▶ _How to complete this task_:
A verbatim copy is needed of the lines below from the one containing "ピアス ダイヤラインフープピアス レディースの画像" up to and including the one containing "Jual Dermacept Moisturizing", excluding pictures.

▶ _Record set_:
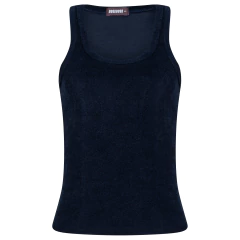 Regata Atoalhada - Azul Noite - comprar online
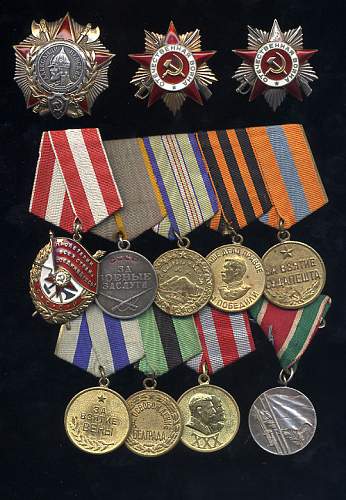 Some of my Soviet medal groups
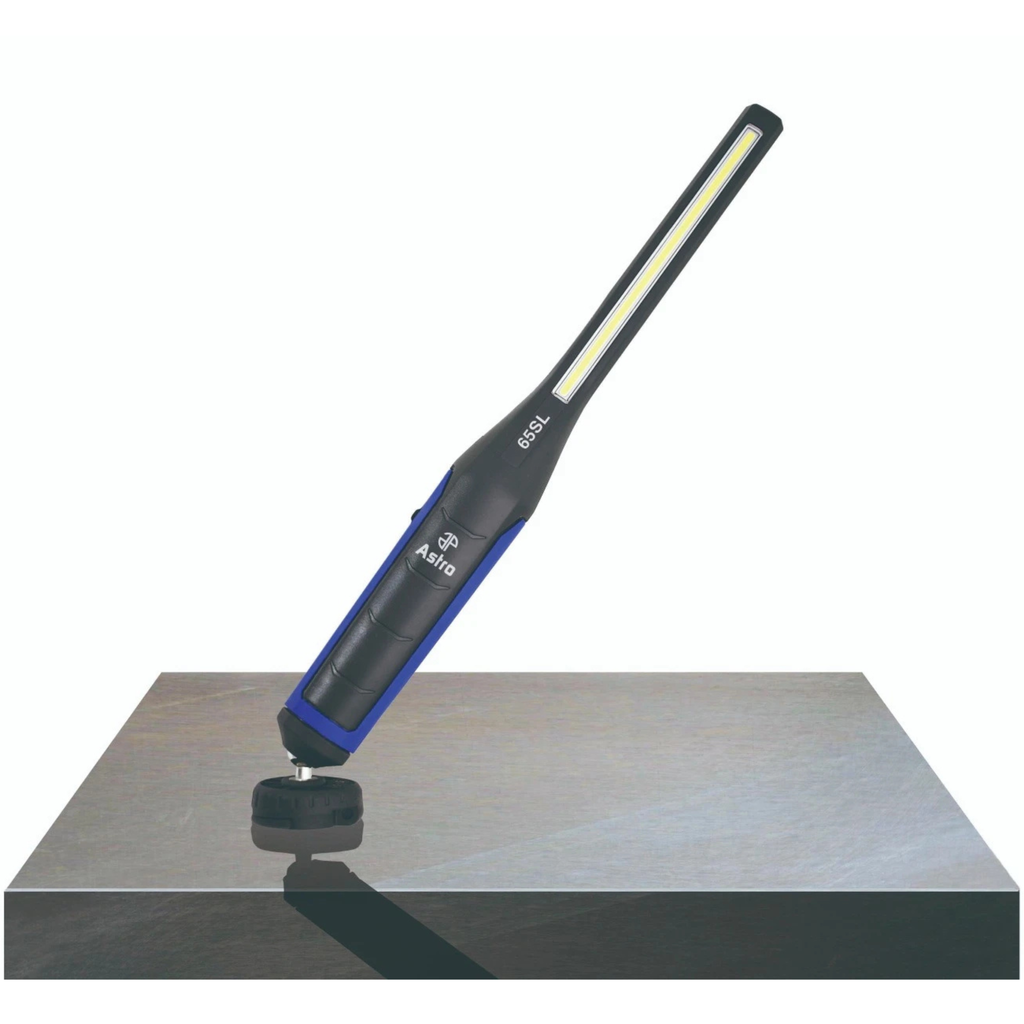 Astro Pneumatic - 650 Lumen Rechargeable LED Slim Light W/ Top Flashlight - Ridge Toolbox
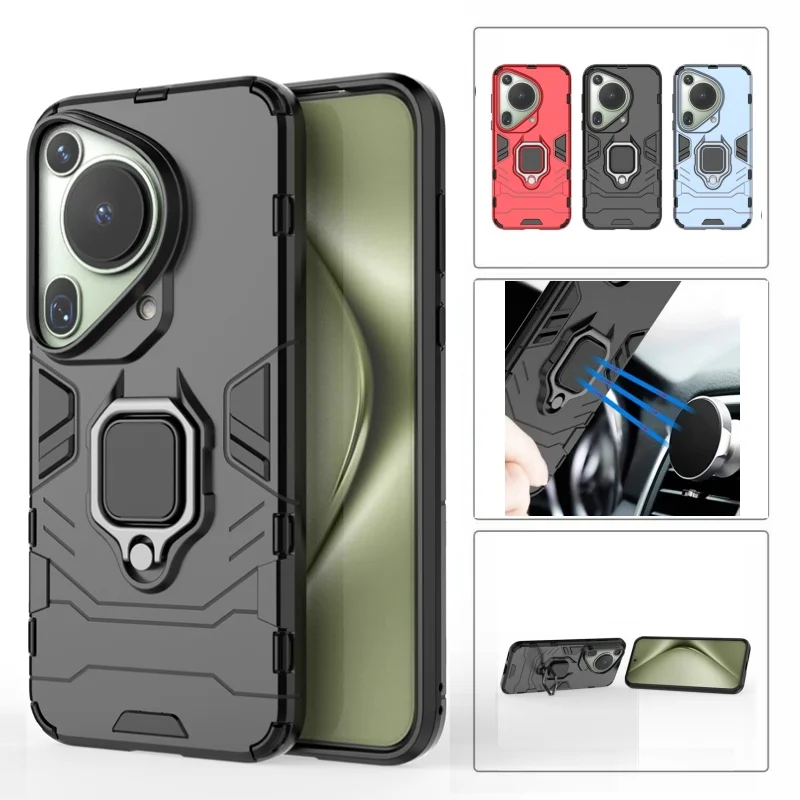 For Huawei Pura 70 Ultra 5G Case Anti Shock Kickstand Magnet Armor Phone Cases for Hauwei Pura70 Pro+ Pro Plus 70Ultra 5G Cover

==

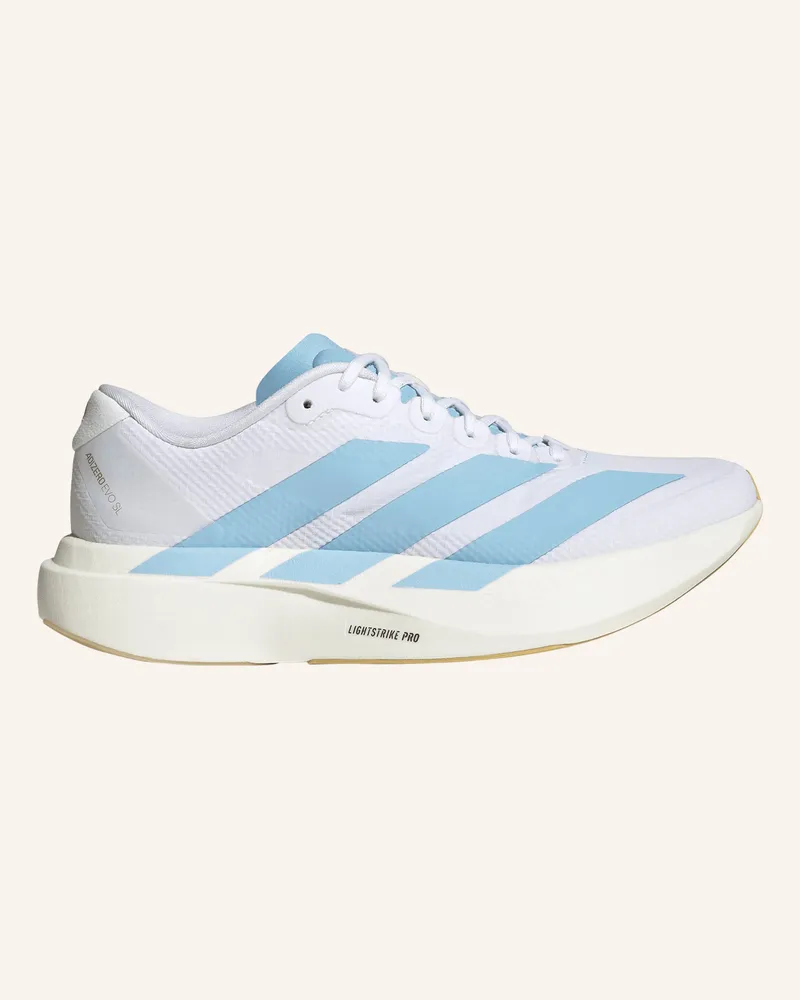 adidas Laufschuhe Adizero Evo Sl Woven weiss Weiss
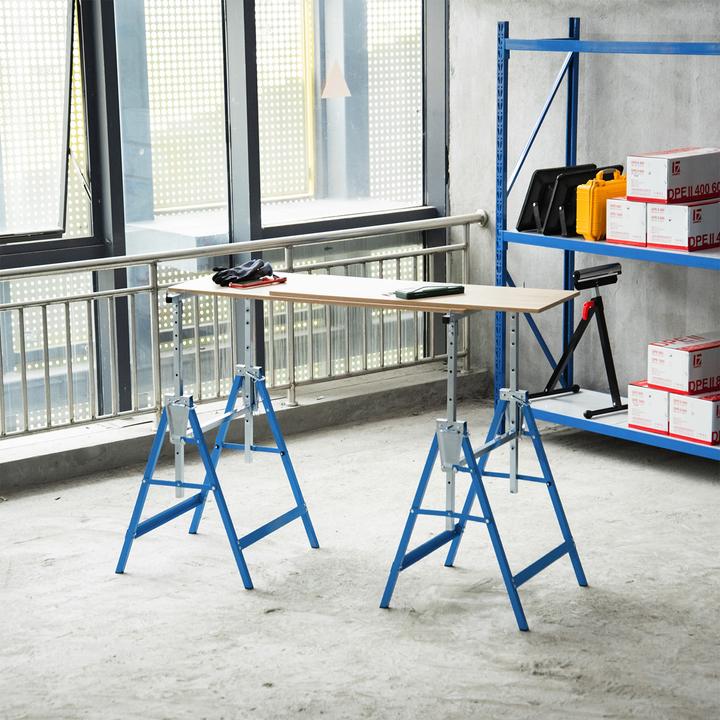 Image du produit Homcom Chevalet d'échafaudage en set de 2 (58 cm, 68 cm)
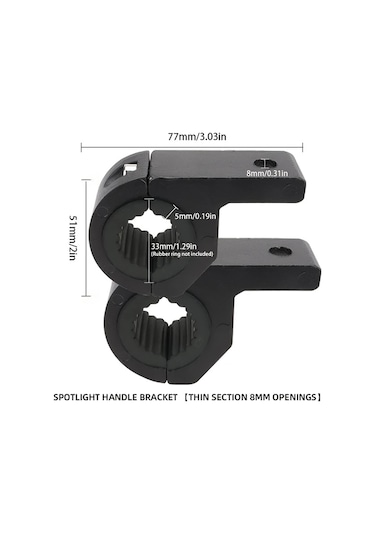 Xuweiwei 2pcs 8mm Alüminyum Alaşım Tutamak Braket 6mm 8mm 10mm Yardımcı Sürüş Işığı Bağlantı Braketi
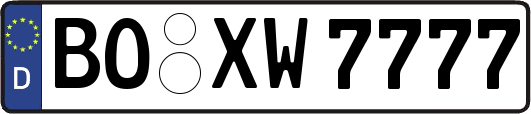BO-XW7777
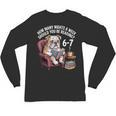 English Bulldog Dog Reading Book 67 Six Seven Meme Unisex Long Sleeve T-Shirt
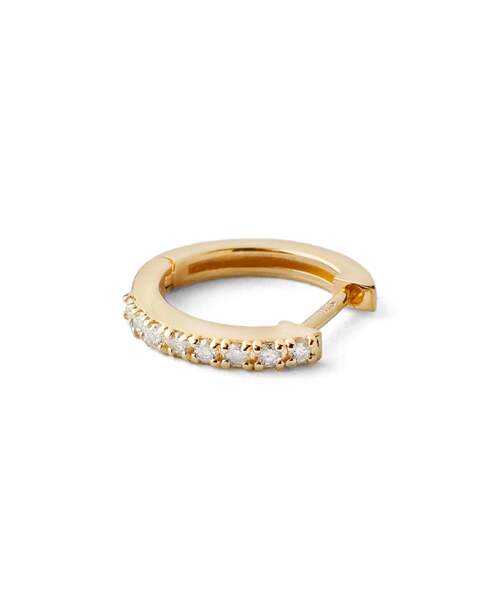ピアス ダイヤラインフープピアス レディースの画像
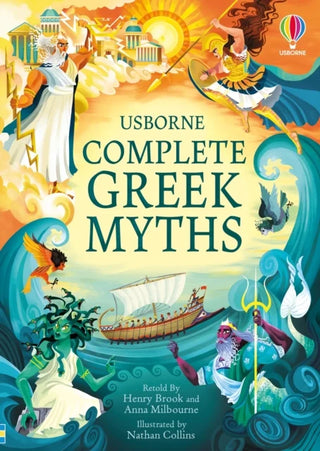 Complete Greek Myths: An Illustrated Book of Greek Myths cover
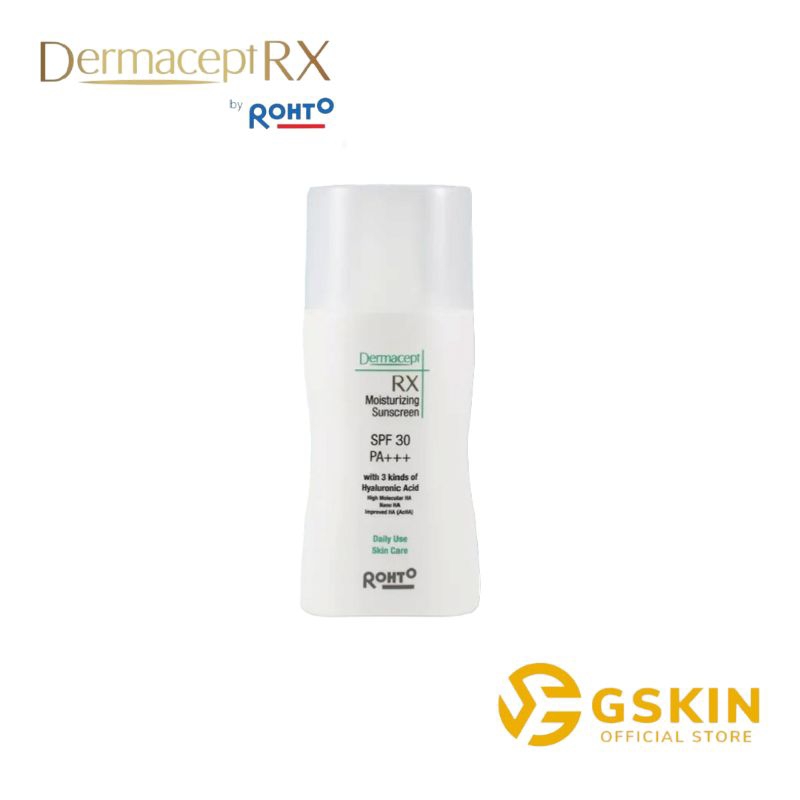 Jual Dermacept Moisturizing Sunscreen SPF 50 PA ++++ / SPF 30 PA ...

▶ _Task result_:
ピアス ダイヤラインフープピアス レディースの画像
 Complete Greek Myths: An Illustrated Book of Greek Myths cover
 Jual Dermacept Moisturizing Sunscreen SPF 50 PA ++++ / SPF 30 PA ...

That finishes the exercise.